⬆️ ⬇️

Diagnosing problems with the "unstable availability" of the site



I present to you the article, the purpose of which is to determine the sequence of actions in the analysis of unstable loading pages or inaccessibility of the site for the average user. In addition, I propose to supplement my scheme with the general mind of the habrasoobshchestva, so I am waiting for your comments under the post, so that together we can form a “reminder for the non-sysadmin”.



So let's get started.



First, you need to exclude from the list of possible faults the most obvious and easily diagnosed: the lack of connection to Wi-Fi, problems on the side of the Internet provider, or, for example, the lack of a cable in the socket and the battery in the laptop.



I also propose to omit difficult-to-solve problems and malfunctions of the local Internet or the computer itself, which require the direct intervention of a sysadmin. These may be Trojans, problems with hardware, browser or operating system, MTU on the router, incorrectly configured DNS or DNS failures and a number of problems that can be identified, but the article will turn into a book or even in a training course.



Let us dwell on the fact that we have no problems with the Internet and the websites are loading normally, but our site is accessible with interruptions or is not available at all.

')



How to find the cause?



1. The Internet is a huge number of highways leading from the server to the server, and there are cases when our server is working and we see other sites, but here the path of the packets from us to our site is broken: the network has been segmented because of a routing failure or somewhere then there was a failure in the channels of the providers. Of course, in the console, the traceroute command (tracert on Windows) will show whether the server of our site is accessible, which servers go through the packages and where they stop. If traceroute and ping do not reach our server, but reach the hosting network, then it’s time to call the hosting technical support or sysadmins, since in this case it will be difficult to do something on your own.
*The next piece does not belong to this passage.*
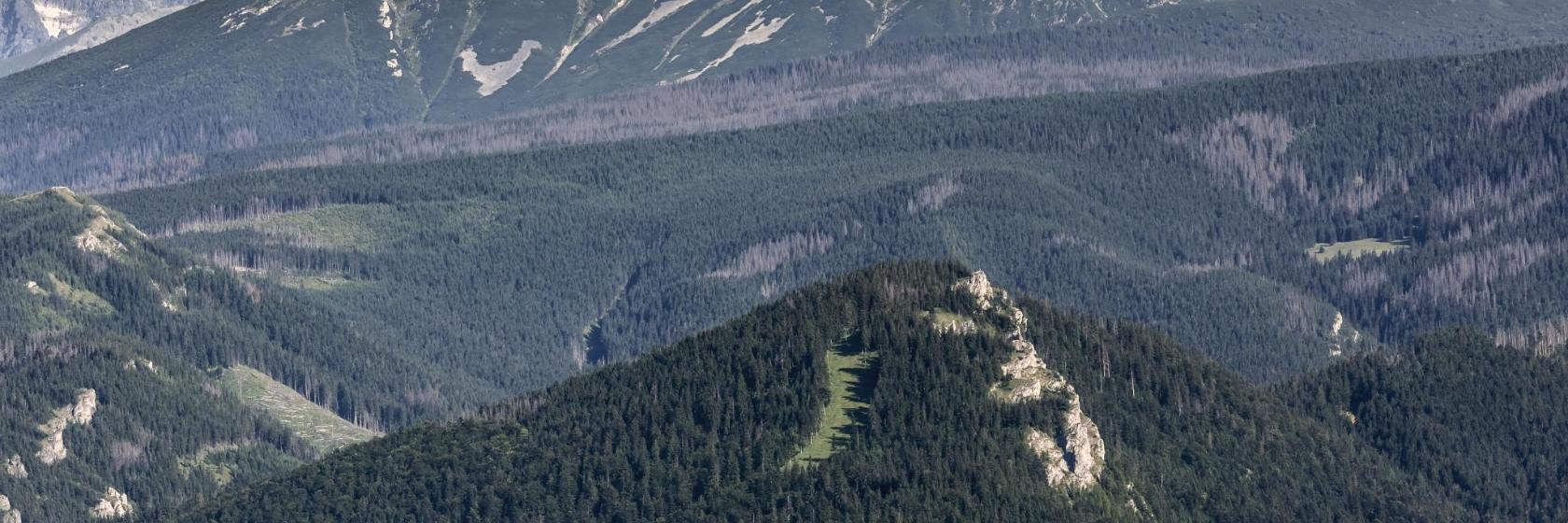 Szczyt górski Nosal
Traceroute and ping are simple commands, there are articles on this topic on Wikipedia with quite an accessible description:

https://ru.wikipedia.org/wiki/Traceroute

https://ru.wikipedia.org/wiki/Ping



If traceroute “sticks” somewhere on the main channels on the way to the site, then I recommend you to check how the server / site is visible from other servers (computers) of the global network outside of your provider. They are very likely to use other trunks and it is often clear that traceroute passes through other channels to your server successfully. For example,

http://network-tools.com/default.asp?prog=express&host=www.reg.ru



If everything is in order, then the problems are either with your provider or with his providers a level higher, but not near your server and not on it.

Now you can call the technical support of your local provider and ask: "What are the main channels there?";)



2. The speed and stability of the Internet channel is the speed and stability of the slowest and worst communication channel on the way from you to the server. You can determine if there are problems with packet loss “on the road”, large packet delays between different providers or between you and the provider, using the mtr utility, and the results of the utility are especially indicative of a large packet size and its possible segmentation (for example, 1500 bytes) .



Mtr is something like combined ping (polling each server along the path of packets) and traceroute (determining the entire path of packets), but keep in mind that due to the constant stream of packets, the utility eats up a lot of traffic.



Call example:

mtr -s 1500 --report .com 




Request verification to the website yahoo.com:

 HOST: xxx.reg.ru Loss% Snt Last Avg Best Wrst StDev 1.|-- 31.31.xxx.xxx 0.0% 10 43.4 16.7 0.5 102.8 33.1 2.|-- bdi-799.sr7.msk1.ip.di-ne 0.0% 10 1.5 1.5 1.5 1.7 0.1 3.|-- vlan-793.br1.msk1.ip.di-n 0.0% 10 0.8 0.8 0.8 0.9 0.0 4.|-- 31.28.19.100 0.0% 10 0.9 4.5 0.9 36.8 11.3 5.|-- ae0-948-rt2.spb.cloud-ix. 90.0% 10 14.7 14.7 14.7 14.7 0.0 6.|-- ae0-59-rt1.frk.cloud-ix.n 10.0% 10 37.7 37.8 37.7 38.3 0.2 ... 15.|-- po-15.bas2-7-prd.gq1.yaho 10.0% 10 204.7 207.0 204.5 211.1 2.8 16.|-- ir1.fp.vip.gq1.yahoo.com 10.0% 10 204.7 227.4 204.7 281.4 32.1 




Indicative for us will be the value of the percentage of packet loss (Loss%) of our final list server. Losses on intermediate servers, if they do not affect the final server, are most likely due to the limitation of the number of test packets to them (ICMP traffic).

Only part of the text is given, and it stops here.